Hoy
vamos a jugar a política futurista. La crisis en la que estamos
inmersos podría parir criaturas nuevas e inéditas hasta ahora. Por
ejemplo, y aunque estamos lejanos, en las próximas elecciones
generales de 2015, y dependiendo de la matemática electoral
resultante, podría darse una “gran coalición” PP-PSOE. Aunque
esto suene hoy como algo imposible y hasta negativo, podría ser algo
necesario por causas internas y externas a la propia España.
Cualquier cosa menos inestabilidad, dirá Bruselas. Alemania ya lo ha
hecho.
Este
podría ser el hecho. Otra cuestión distinta es el análisis del
hecho. Todo dependerá de la perspectiva en que nos situemos y las
prioridades que barajemos. Quedan casi dos años y pueden cambiar
algunas cosas. Personalmente, pienso que no van a ocurrir demasiados
cambios ni dentro ni fuera de nuestras fronteras. En España se va a
fragmentar el voto electoral en bastantes partidos, dadas las
variadas sensibilidades que han aflorado con la crisis, que habrá
que cambiarle el nombre porque está pasando de crisis -siempre
provisional por principio- a situación estable.
Esta
nueva situación tendrá como características más notables:
depauperación creciente y estructural, juventud cualificada y
tecnificada, mentalidad antisistema moderada -tanto desde la
izquierda como desde la derecha-, relativismo ideológico, paro
estructural, adelgazamiento del Estado, valor meramente instrumental
de las instituciones públicas, ausencia de discurso social
vertebrador, creciente importancia de Europa en las decisiones
nacionales, tensiones territoriales e ideológicas con el modelo
autonómico de fondo, populismos nacionalistas crecientes, etc.
El
modelo neoliberal está en fase de consolidación y la dialéctica
política se va a mover entre la derecha y la socialdemocracia, con
matices y extensiones en ambos lados. Dependerá de la fuerza (fruto
de las elecciones) de unos u otros para que la balanza se incline en
un sentido u otro.
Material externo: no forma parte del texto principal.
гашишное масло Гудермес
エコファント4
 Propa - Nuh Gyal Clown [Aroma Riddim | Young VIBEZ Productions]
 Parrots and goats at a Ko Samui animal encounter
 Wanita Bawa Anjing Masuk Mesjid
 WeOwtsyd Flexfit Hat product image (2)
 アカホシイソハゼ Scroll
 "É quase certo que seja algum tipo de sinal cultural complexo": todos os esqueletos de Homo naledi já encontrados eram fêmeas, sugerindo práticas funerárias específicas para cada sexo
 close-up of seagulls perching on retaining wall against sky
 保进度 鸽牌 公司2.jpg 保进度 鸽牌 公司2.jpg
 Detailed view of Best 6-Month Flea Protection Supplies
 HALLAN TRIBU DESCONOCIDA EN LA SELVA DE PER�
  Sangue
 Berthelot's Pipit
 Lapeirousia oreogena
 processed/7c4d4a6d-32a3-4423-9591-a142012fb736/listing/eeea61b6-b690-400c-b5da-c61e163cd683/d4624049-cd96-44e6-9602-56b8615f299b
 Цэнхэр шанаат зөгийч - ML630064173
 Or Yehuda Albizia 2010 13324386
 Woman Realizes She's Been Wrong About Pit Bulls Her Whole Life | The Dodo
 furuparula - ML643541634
La alternativa radical y global nos vendrá de
fuera del actual mundo desarrollado: países emergentes y también de
Sudamérica y África. Si los países islámicos consiguen separar la
política de la religión, serán una referencia importante en el
concierto global. Sin olvidar nunca a la nueva potencia de la Rusia
de Putin. Y, como no, de Estados Unidos.
En
definitiva, van a tener poca importancia los aspectos internos
nacionales, incluida la ideología política, y van a ser los
factores internacionales los que van a configurar el nuevo modelo
globalizado. Los calificativos de peor o mejor son irrelevantes, el
calificativo significativo será “diferente”, radicalmente
diferente.
Dentro
de este modelo neoliberal, uno de los “logros” fundamentales del
PP ha sido la Reforma Laboral, cuyos efectos se van consolidando en
España: paro, precariedad, inseguridad y pobreza son su traducción
humana. Otros lo llaman economía competitiva. La derecha actúa con
determinación y, a la vez, con ideología. La prueba es que ha
calado fuertemente en la opinión pública la idea de que no hay
alternativa a lo que el PP está haciendo, ya que la época en que el
Estado de bienestar funcionaba era propio de gobiernos
despilfarradores que gastaban lo que no tenían. De aquello barros
estos lodos. Y en esto andamos, en un maniqueísmo de unos
despilfarradores izquierdistas frente a otros eficaces gestores
conservadores. Y esta idea tan simple de que para
ser competitivo se tiene que flexibilizar el mercado laboral y acabar
con el modelo social, se ha hecho potente porque
los voceros mediáticos conservadores la reiteran hasta la saciedad.
La
izquierda ha perdido el debate dialéctico de las ideas en esta
crisis porque ha perdido la razón moral. Su discurso, si existe,
tiene poca credibilidad ya que no plantea una lucha frontal contra el
“statu quo”, que acepta y en el que solo se dedica a gestionar
las consecuencias. Una política que no se eleva hasta las causas y
solo se dedica a gestionar las consecuencias, nunca se convertirá en
motor de la historia. Y las causas fundamentales son dos: la
disminución del papel del Estado y la consecuente desregularización
de los mercados.
Establecidas
las causas y las consecuencias, solo queda la acción política, que
debería traer como consecuencia la transformación económica y, en
un segundo momento, el cambio social. La Europa social que
pretendemos no puede caer en la trampa de la competitividad con
países que no respetan los derechos humanos. Y esa actitud se llama
política, no economía. Si tenemos que aceptar el capitalismo, al
menos negociemos su reestructuración, que la economía productiva no
sea suplida por la economía financiera y especulativa.